Prince William's overpopulation remarks will do women no favors - CNN

Prince William's overpopulation remarks will do women no favors

Updated 1457 GMT (2257 HKT) November 26, 2021

This story is part of As Equals, CNN's ongoing series on gender inequality. For information about how the series is funded and more, check out our FAQs.

(CNN)When it comes to overpopulation as the cause of wildlife loss in Africa, Prince William just won't let it go.

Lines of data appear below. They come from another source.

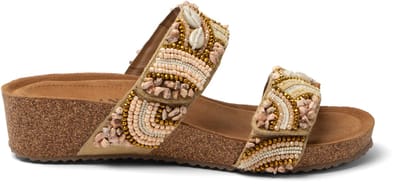 Lazamani - Dagmar Dames Slippers Leer Beige - Maat 41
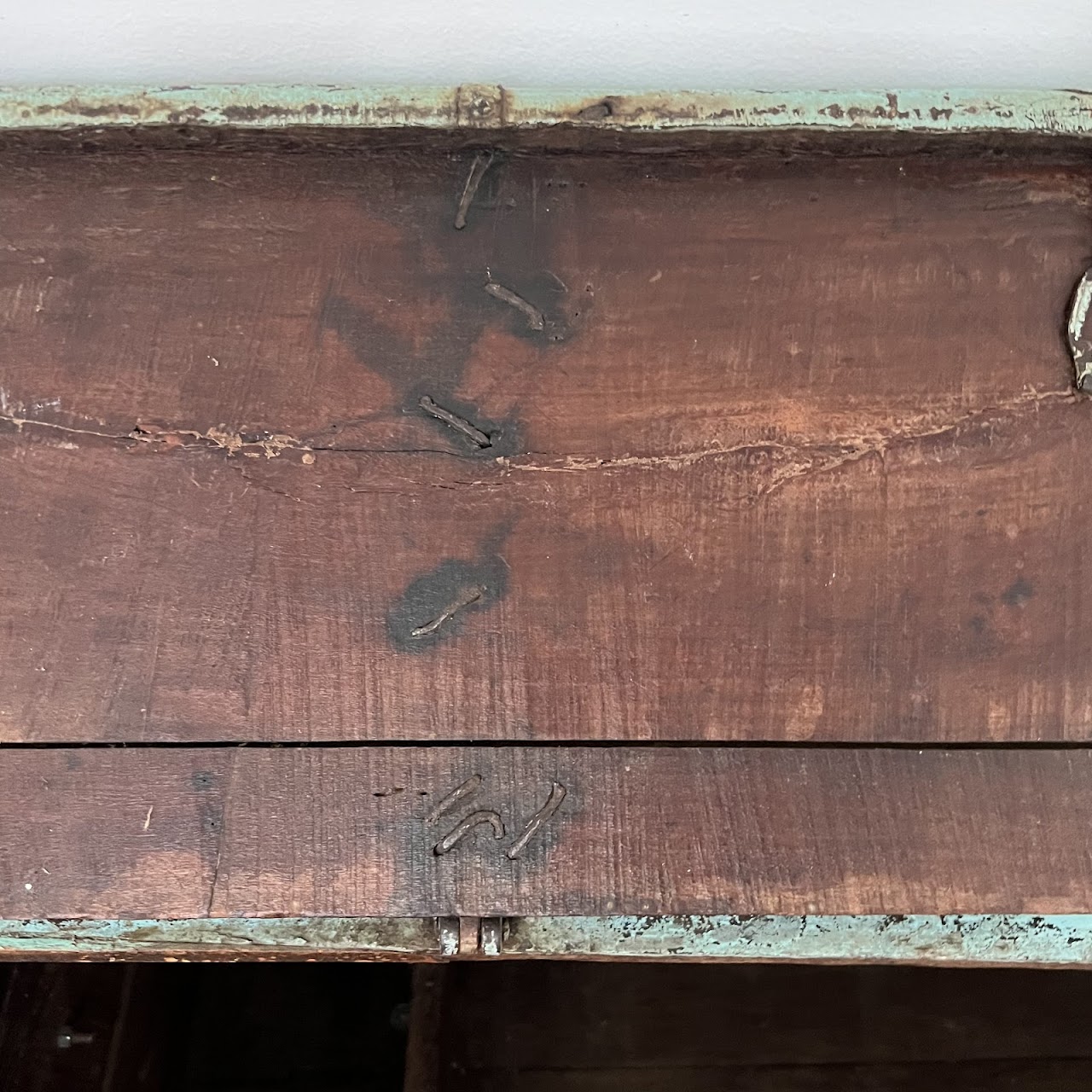 Early 20th C. Blue Painted Blanket Chest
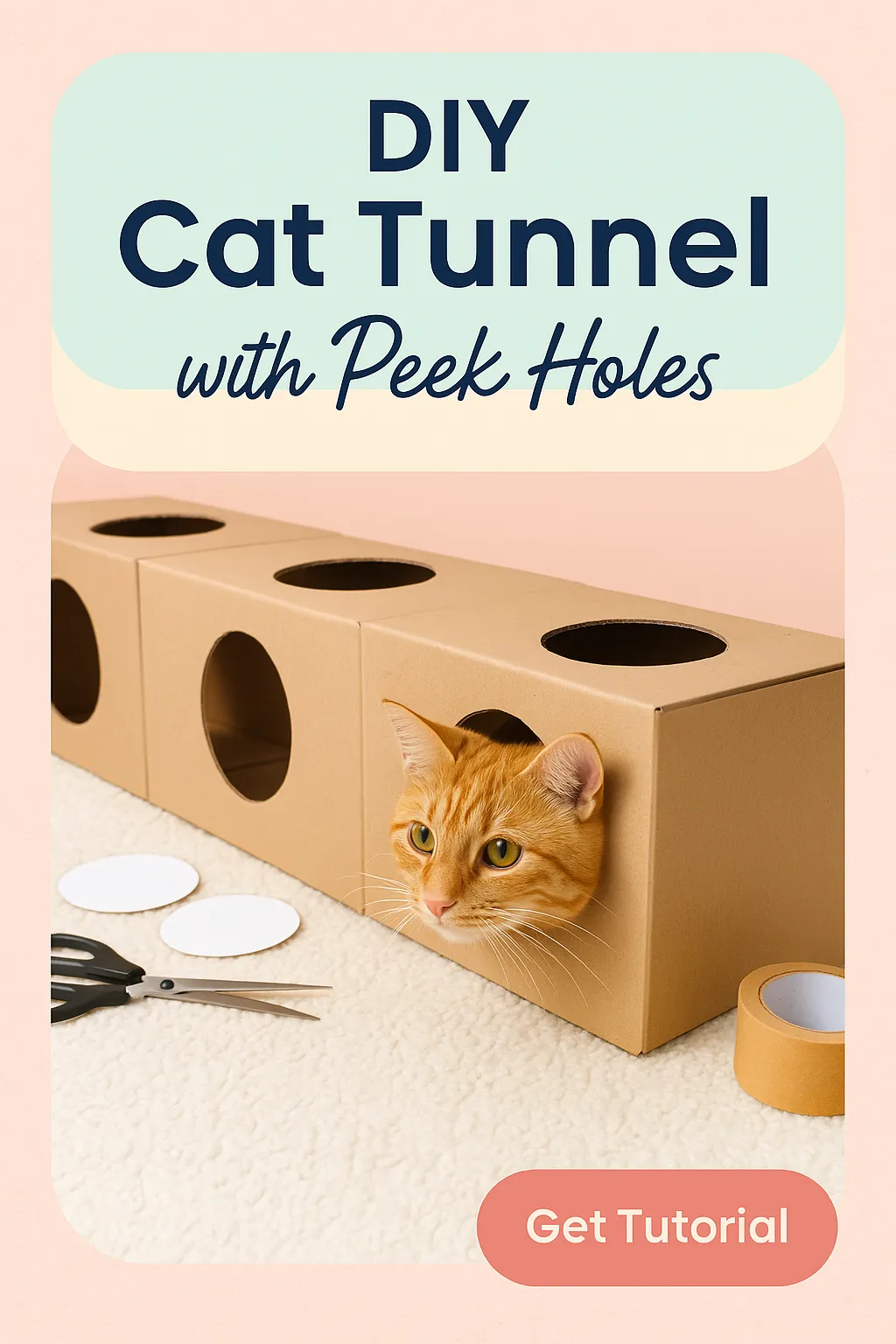 DIY Cat Tunnel with Peek Holes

As I was looking for reactions to the speech the second in line to the British throne gave at an awards ceremony on Monday where he said: "The increasing pressure on Africa's wildlife and wild spaces, as a result of human population, presents a huge challenge for conservationists," I stumbled upon near-identical remarks he made four years prior.
"In my lifetime we have seen global wildlife populations decline by over half," the Prince is reported as having said in 2017 at a gala for the same charity, The Tusk Trust. "Africa's rapidly growing human population is predicted to more than double by 2050 -- a staggering increase of three and a half million people per month. There is no question that this increase puts wildlife and habitat under enormous pressure."
Then, as now, people have been quick to point out two things: the first is the Duke of Cambridge's hypocrisy. Here is a man who's determined his own family size, travels frequently by air and lives a lavish lifestyle (read: has a high carbon footprint) in one of the world's top 15 energy-consuming countries. (Mind you, energy consumption is a limited measure of the UK's environmental impact as Britain largely imports its goods. Someone else -- China -- is accounting for the energy used to produce those goods.)
The second challenge to the Prince's statements centers on the inaccurate conclusions drawn about Africa's rising population. While Africa's population is indeed growing, it remains more sparsely populated than Europe or Asia; indigenous communities that live closest to wildlife are typically excellent custodians of the environment as their survival depends on it; and again, it is human behaviors not human numbers that more directly harm the biosphere.
Prince William speaks at a gala night for the conservation charity Tusk at The Roundhouse on November 2, 2017, in London, United Kingdom.
But there is more that is wrong with what Prince William said: identifying population growth as the problem, logically presents population control as the solution. This automatically transforms wombs into legitimate sites for climate policy. In other words, women's rights to contraception and education are weaponized: they are no longer tools that help women access greater choice, but instead this gender equality goal is hijacked to impose someone else's agenda.
Let's imagine for one minute that we accept that population growth -- and specifically, population growth in Africa -- leads to greater pressure on wildlife, an argument that Prince William believes is undeniable. How should this be addressed? A one-child policy as a condition for development aid? How will the impact of that reduction in population be measured? Who is to say if it is going far enough to mitigate environmental damage? If it isn't, what then?
Prince William seems to have avoided speculating on how to fix his problem. His grandfather, the Duke of Edinburgh, was not so wise and was known to have called for "voluntary family limitation" to address a growing human population.
This is not the first time, nor will it be the last, that women's bodies are implicated in policy games. In 2017 Denmark, which regularly tops best-country-to-be-a-woman rankings, pledged additional funds to help women access family planning because "part of the solution to reducing migratory pressures on Europe is to reduce the very high population growth in many African countries."
It should be obvious to all that panic about population growth in Black, brown and Indigenous parts of the world is underpinned by race and class prejudice. It should be equally obvious that what every woman needs is the freedom to choose for herself if, when and how many children she will have. If despite years of talking about conservation Prince William has not considered that his concern for Africa's wildlife could stigmatize Africa's women, perhaps now is the time for him to do so.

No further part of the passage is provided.